Our architecture will look like this:
Controller -> IGetAllProjectsQuery -> IGitHubClient.
The Query is responsible for mapping the data from DTOs to "domain models".
Note: We will NOT use the real GitHub API, I've created a API that returns dummy data, I just choose to name it GitHub to make the code more...authentic.

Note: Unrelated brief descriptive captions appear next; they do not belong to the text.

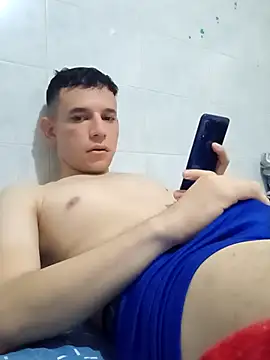 Snapshot of pacho013 chatting on November 13, 2025, 1:59 pm pacho013 online show from November 13, 2025, 1:59 pm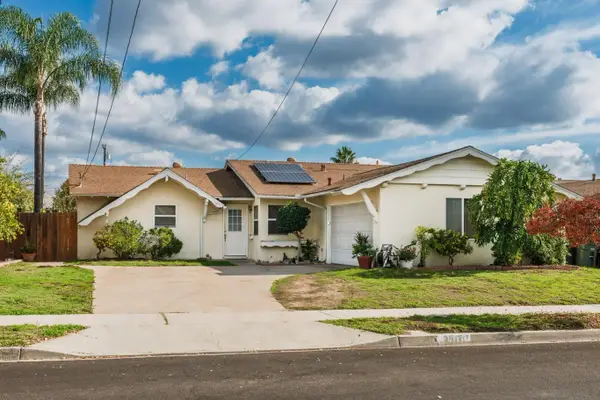 13011 Conley St, Poway, CA 92064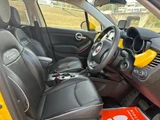 2017 Fiat 500 Sedan for sale, Japanese used car export - photo 11 of 24 | GULJI TRADERS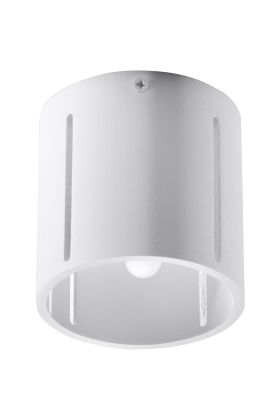 Inez SOL0355 plafondlamp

The size of the json response will differ between the benchmarks, we will run the benchmarks 4 times with the following sizes:

  • 10 items ~ 11 KB
  • 100 items ~ 112 KB
  • 1 000 items ~ 1 116 KB
  • 10 000 items ~ 11 134 KB

Error handling

I've intentionally left out all error handling here because I wanted to focus on the code that fetches/deserializes data. I have another post coming up that's full with opinions of how to use HttpClient through out your code base with many different third party integrations together with error handling, Polly and so on, so stay tuned!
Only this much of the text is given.